··· Listed records

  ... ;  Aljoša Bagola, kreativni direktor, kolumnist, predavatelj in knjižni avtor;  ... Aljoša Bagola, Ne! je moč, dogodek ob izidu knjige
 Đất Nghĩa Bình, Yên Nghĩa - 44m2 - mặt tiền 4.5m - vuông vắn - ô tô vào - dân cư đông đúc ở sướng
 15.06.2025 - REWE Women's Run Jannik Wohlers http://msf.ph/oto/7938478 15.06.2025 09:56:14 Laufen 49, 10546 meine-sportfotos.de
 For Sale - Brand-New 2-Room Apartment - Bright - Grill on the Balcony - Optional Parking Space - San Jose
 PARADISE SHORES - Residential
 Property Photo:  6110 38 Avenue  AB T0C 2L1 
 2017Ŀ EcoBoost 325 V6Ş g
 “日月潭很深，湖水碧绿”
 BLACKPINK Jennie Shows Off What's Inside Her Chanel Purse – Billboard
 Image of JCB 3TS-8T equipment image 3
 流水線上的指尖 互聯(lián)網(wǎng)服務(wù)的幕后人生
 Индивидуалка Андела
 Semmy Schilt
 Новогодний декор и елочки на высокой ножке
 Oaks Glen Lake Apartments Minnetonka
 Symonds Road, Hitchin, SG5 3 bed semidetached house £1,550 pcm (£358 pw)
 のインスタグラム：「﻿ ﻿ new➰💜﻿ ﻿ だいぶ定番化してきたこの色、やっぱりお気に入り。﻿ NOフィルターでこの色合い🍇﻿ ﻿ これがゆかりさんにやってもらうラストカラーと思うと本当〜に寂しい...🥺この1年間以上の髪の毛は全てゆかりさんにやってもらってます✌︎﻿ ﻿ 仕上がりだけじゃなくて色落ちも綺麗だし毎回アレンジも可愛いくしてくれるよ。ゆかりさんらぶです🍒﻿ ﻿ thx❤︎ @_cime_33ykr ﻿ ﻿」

······

- To do: The line containing "Image of JCB 3TS-8T equipment image 3" and all lines after it, through the end of the entries above, are to be returned exactly and alone.

- Task output:
 Image of JCB 3TS-8T equipment image 3
 流水線上的指尖 互聯(lián)網(wǎng)服務(wù)的幕后人生
 Индивидуалка Андела
 Semmy Schilt
 Новогодний декор и елочки на высокой ножке
 Oaks Glen Lake Apartments Minnetonka
 Symonds Road, Hitchin, SG5 3 bed semidetached house £1,550 pcm (£358 pw)
 のインスタグラム：「﻿ ﻿ new➰💜﻿ ﻿ だいぶ定番化してきたこの色、やっぱりお気に入り。﻿ NOフィルターでこの色合い🍇﻿ ﻿ これがゆかりさんにやってもらうラストカラーと思うと本当〜に寂しい...🥺この1年間以上の髪の毛は全てゆかりさんにやってもらってます✌︎﻿ ﻿ 仕上がりだけじゃなくて色落ちも綺麗だし毎回アレンジも可愛いくしてくれるよ。ゆかりさんらぶです🍒﻿ ﻿ thx❤︎ @_cime_33ykr ﻿ ﻿」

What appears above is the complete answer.